*** DATASET ENTRIES

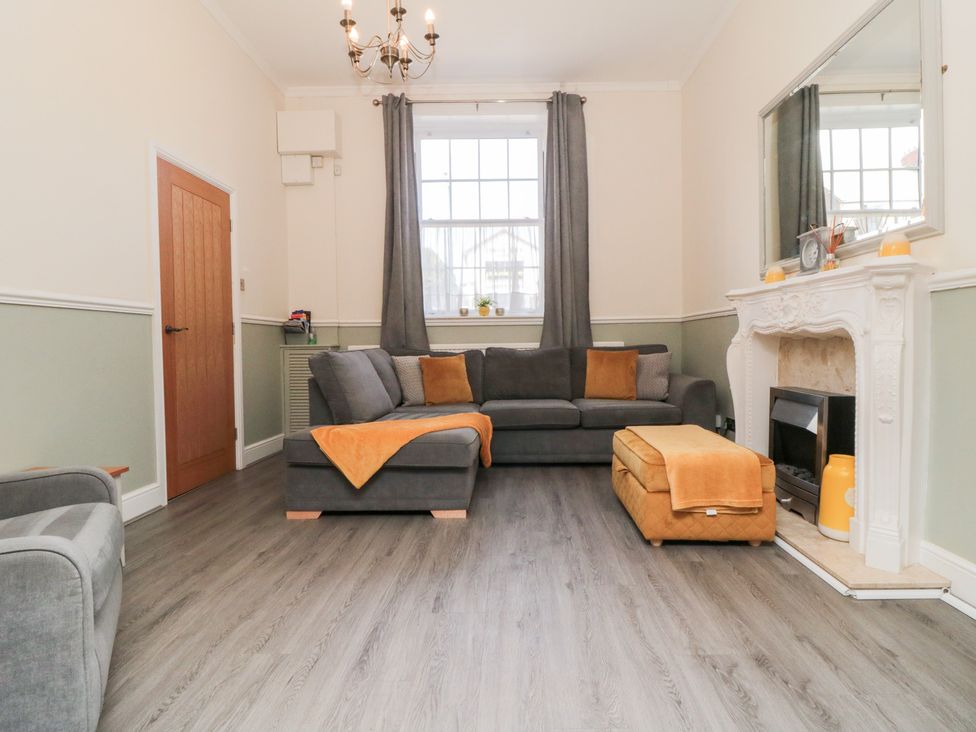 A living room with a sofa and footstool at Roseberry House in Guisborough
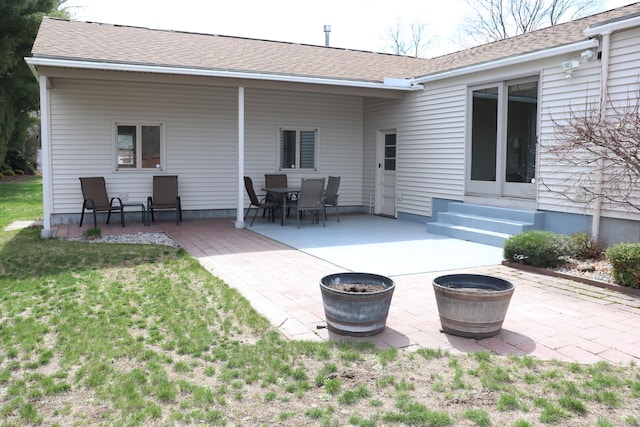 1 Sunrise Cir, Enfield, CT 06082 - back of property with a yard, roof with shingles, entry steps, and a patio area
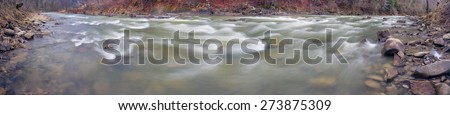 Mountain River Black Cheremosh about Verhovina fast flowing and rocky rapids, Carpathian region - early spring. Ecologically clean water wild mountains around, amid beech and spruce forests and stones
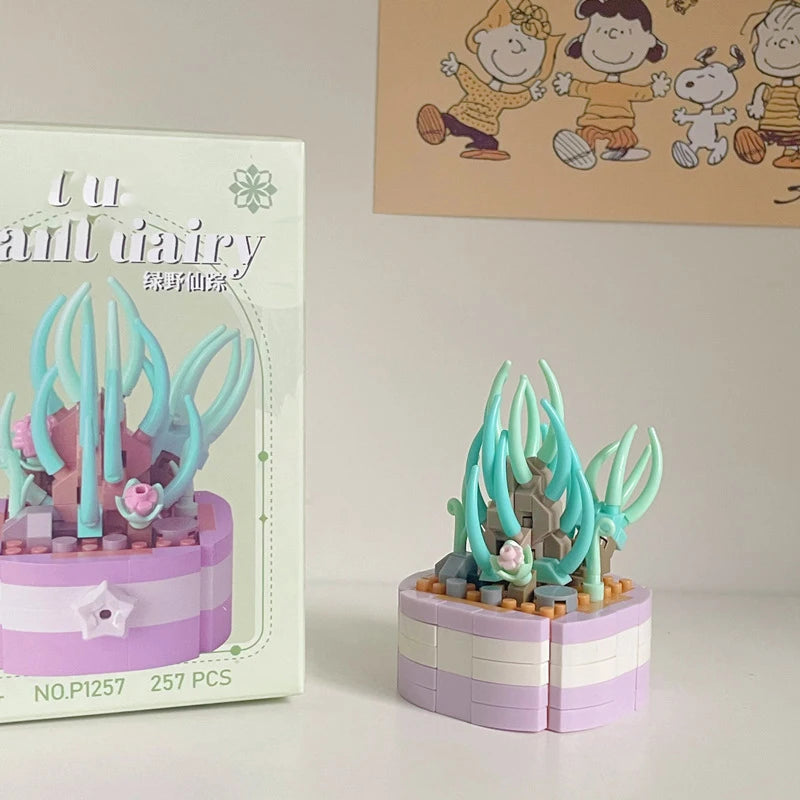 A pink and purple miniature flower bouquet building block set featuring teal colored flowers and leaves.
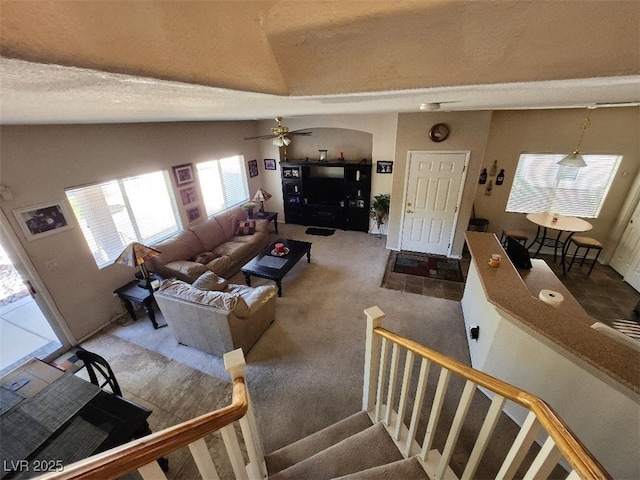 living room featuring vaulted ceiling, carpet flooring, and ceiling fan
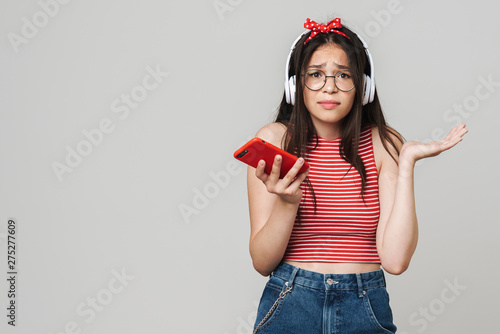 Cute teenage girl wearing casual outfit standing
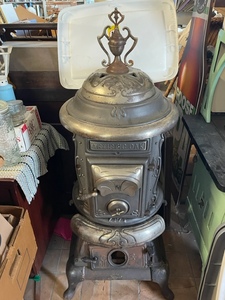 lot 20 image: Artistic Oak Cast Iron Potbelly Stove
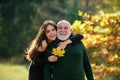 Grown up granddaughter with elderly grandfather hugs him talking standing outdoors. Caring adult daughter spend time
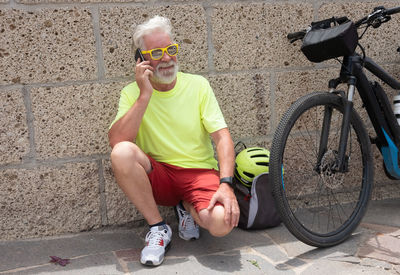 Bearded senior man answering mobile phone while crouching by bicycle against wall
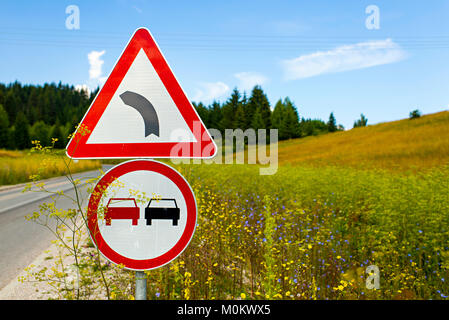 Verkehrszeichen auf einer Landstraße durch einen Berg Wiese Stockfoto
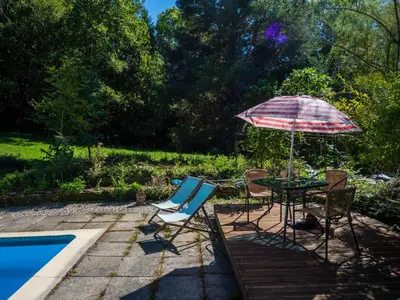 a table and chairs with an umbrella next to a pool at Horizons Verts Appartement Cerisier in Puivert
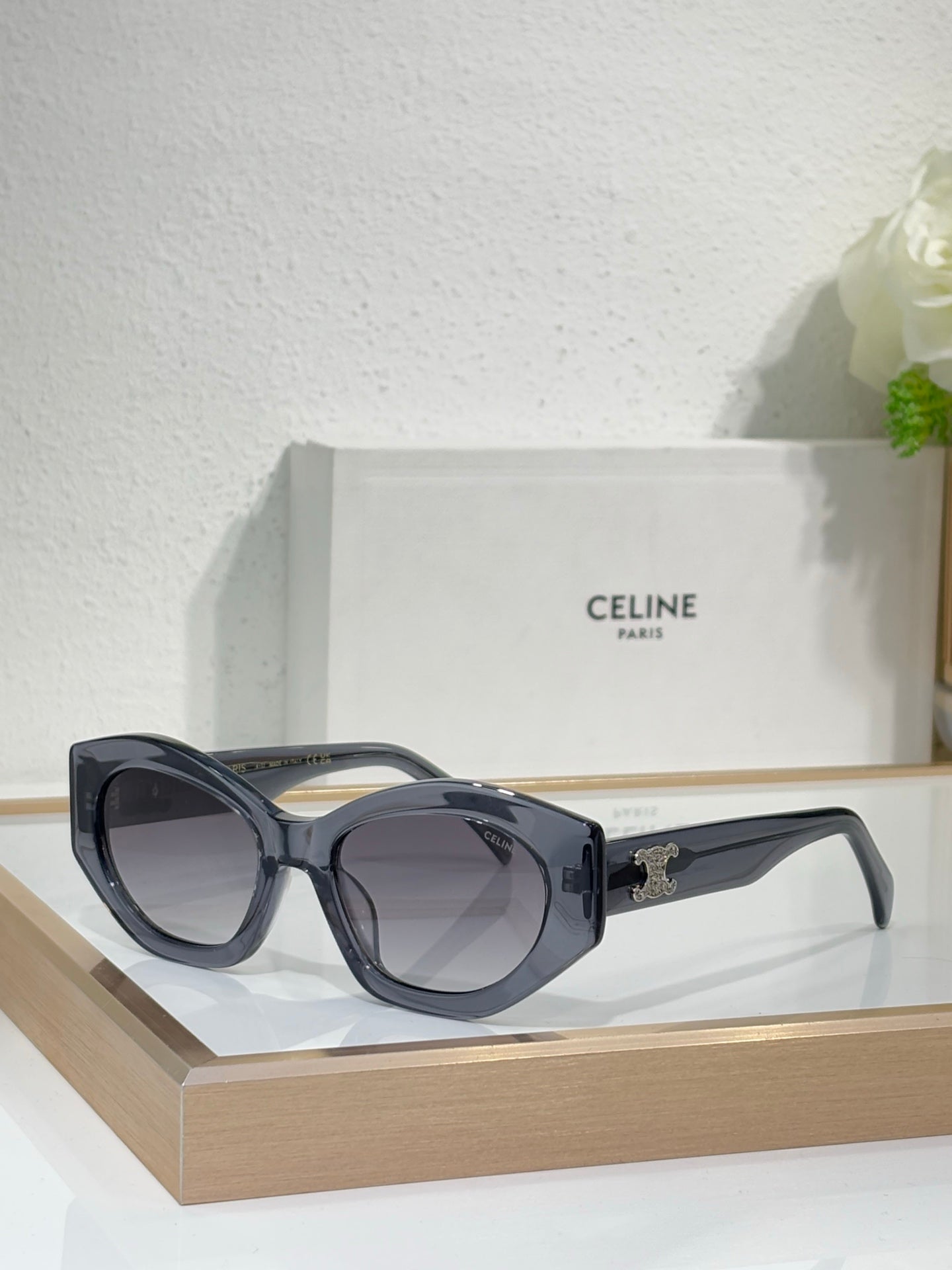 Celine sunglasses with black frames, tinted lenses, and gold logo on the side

******

EXERCISE REQUIREMENTS:
Could you restate each record word for word, keeping the pictures out?

RESPONSE TO THE EXERCISE:
 A living room with a sofa and footstool at Roseberry House in Guisborough
 1 Sunrise Cir, Enfield, CT 06082 - back of property with a yard, roof with shingles, entry steps, and a patio area
 Mountain River Black Cheremosh about Verhovina fast flowing and rocky rapids, Carpathian region - early spring. Ecologically clean water wild mountains around, amid beech and spruce forests and stones
 A pink and purple miniature flower bouquet building block set featuring teal colored flowers and leaves.
 living room featuring vaulted ceiling, carpet flooring, and ceiling fan
 Cute teenage girl wearing casual outfit standing
 lot 20 image: Artistic Oak Cast Iron Potbelly Stove
 Grown up granddaughter with elderly grandfather hugs him talking standing outdoors. Caring adult daughter spend time
 Bearded senior man answering mobile phone while crouching by bicycle against wall
 Verkehrszeichen auf einer Landstraße durch einen Berg Wiese Stockfoto
 a table and chairs with an umbrella next to a pool at Horizons Verts Appartement Cerisier in Puivert
 Celine sunglasses with black frames, tinted lenses, and gold logo on the side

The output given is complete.